マンションビジネスは案外儲からない?
それでは、不動産会社の利益はどのくらいか、というと、粗利20パーセントの中から、販売経費を除き、更に諸経費を除きますから、結果として利益率は8~10パーセント程度になってしまいます。他の業界で身近なところでは、ファミリーレストランで10パーセント、コンビニで9.5パーセントですから、マンション事業とほぼ同じ水準の利益率であることが分ります。過当競争にある飲食、サービス業界とほぼ同じ利益率というのは、決して高いとはいえません。ただ、総売り上げで比較すると、ファミリーレストランの年間売上は1億4,400万円、利益1,440万円、コンビニは年間売上2億1,600万円、利益2,160万円です。かたや総戸数100戸・平均価格4,000万円のマンションの売り上げは40億円とケタが違います。

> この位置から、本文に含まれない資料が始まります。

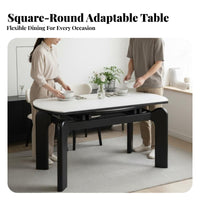 Extendable Round-to-Rectangle Table Expandable Design Household Furniture classic contemporarycenturyera design for Homeowners, Hosts, Dining Room, Small Spaces, Kitchen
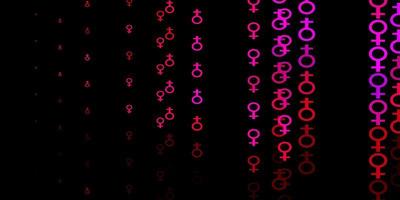 textura vector rosa escuro com símbolos dos direitos das mulheres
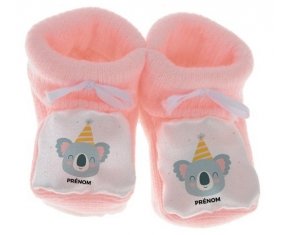 Chausson bébé Koala anniversaire + prénom de couleur Rose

分譲マンション事業は、ハイリスク・ハイリターンビジネス
したがって、完成までに完売すれば、4億円の利益確保につながりますが、そこにいたるまでには、1.5年間を費やしますので、年間の利益に換算すると、2.6億円となります。他の事業と較べれば、利益絶対額は圧倒的に多いわけです。ただし総戸数の10パーセント、つまり最後の10戸が売れなければ、利益確保にはいたりません。しかも、最後に残る不人気住戸の販売は難易度が高く、販売期間が長期化すると販売経費が当初想定したより多くかかり、利益圧迫につながります。また、値下げして売ろうとすれば、それも利益減少につながるのです。このように、分譲マンション事業はハイリスク、ハイリターンなビジネスというわけです。特に地価が右肩上がりで、不動産の投資が積極的だった1990年初頭までは、売れ行きリスクも少なく、結構儲かった時期もあったかもしれませんが、現在のように、不動産価格が低下し、需要も減退する市場においては、意外に儲からない、というのが実態かもしれません。